NEW YORK (AP) — The Latest on AP's interview with presumptive GOP nominee Donald Trump (all times local):
Presumptive Republican nominee Donald Trump says he's leaning against accepting public financing for his general election campaign.
That's an option that would save him the arduous task of raising vast sums of money to pay for his campaign, but also would put strict limits on what he can spend.
In a Tuesday interview with The Associated Press, Trump says he doesn't like the idea of taking taxpayer money to run a campaign and says he thinks it's inappropriate.

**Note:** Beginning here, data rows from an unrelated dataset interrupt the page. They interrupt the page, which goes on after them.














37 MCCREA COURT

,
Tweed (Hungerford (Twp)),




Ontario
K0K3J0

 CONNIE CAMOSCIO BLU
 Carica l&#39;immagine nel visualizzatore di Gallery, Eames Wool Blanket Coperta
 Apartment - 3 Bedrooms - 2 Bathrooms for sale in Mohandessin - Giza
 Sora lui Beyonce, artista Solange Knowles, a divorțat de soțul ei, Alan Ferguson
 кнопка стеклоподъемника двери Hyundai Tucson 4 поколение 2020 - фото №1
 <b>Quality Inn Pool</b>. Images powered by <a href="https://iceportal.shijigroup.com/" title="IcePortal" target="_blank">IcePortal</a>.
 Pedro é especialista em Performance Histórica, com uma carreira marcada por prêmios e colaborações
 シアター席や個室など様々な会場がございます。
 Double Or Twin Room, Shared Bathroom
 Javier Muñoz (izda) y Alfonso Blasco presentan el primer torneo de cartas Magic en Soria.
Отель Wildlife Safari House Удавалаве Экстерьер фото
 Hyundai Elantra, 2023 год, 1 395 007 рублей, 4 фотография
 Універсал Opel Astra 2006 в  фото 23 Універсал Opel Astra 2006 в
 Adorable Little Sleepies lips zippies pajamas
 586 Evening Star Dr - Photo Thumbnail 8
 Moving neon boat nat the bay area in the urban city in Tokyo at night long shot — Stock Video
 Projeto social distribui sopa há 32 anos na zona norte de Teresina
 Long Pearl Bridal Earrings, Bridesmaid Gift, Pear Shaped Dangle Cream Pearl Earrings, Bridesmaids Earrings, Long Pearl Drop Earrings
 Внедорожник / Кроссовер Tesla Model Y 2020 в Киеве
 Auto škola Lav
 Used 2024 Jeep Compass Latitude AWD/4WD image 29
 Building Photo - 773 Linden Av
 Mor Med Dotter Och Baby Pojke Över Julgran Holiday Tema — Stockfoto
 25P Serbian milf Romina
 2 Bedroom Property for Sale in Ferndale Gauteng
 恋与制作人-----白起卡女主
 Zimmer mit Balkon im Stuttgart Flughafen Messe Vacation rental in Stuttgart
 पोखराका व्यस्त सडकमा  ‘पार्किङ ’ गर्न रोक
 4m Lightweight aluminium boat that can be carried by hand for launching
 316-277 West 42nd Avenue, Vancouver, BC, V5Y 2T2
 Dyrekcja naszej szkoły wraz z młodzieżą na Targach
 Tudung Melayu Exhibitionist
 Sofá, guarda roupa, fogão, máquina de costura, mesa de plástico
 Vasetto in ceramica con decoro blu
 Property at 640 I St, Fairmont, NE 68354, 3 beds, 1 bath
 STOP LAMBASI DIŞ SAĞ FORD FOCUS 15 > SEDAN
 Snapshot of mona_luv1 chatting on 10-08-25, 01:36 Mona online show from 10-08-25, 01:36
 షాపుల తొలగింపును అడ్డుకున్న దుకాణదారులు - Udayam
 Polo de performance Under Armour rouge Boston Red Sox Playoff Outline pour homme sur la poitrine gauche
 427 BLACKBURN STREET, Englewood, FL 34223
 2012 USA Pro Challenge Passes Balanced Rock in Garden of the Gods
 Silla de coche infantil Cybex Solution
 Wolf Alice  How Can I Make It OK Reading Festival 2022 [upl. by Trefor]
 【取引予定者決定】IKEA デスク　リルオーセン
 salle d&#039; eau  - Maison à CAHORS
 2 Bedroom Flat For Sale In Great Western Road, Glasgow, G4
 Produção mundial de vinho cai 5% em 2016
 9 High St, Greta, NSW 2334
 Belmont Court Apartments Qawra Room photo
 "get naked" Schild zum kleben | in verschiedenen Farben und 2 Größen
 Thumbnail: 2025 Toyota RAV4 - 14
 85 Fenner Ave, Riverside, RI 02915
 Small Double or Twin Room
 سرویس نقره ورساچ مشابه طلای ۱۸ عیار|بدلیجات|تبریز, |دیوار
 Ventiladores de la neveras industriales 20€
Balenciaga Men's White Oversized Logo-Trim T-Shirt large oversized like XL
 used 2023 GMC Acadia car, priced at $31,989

Major party presidential nominees may elect to receive a lump sum of roughly $94 million to pay for a general-election campaign. Doing so means they cannot raise any additional money and agree to a spending limit.
That would also foreclose the billionaire's ability to give his campaign a significant amount of his own money.
Trump says he doesn't know how much his general-election campaign will cost, but expects to spend "a lot of money."
Donald Trump says he's narrowed his list of potential running mates to "five or six people," all with deep political resumes.
In an interview Tuesday with The Associated Press, the presumptive Republican presidential nominee said he has not ruled out New Jersey Gov. Chris Christie — a former rival who has embraced the billionaire's campaign with gusto.
Trump says said he's prioritizing political experience, because he wants a vice president to help him "with legislation, getting things through" Washington if he wins the White House.
Former Texas Gov. Rick Perry and former Arizona Gov. Jan Brewer are among the Republicans who have suggested they would be open to joining Trump on the GOP ticket.
Others have ruled out being considered, including Trump's former primary rival, Florida Sen. Marco Rubio.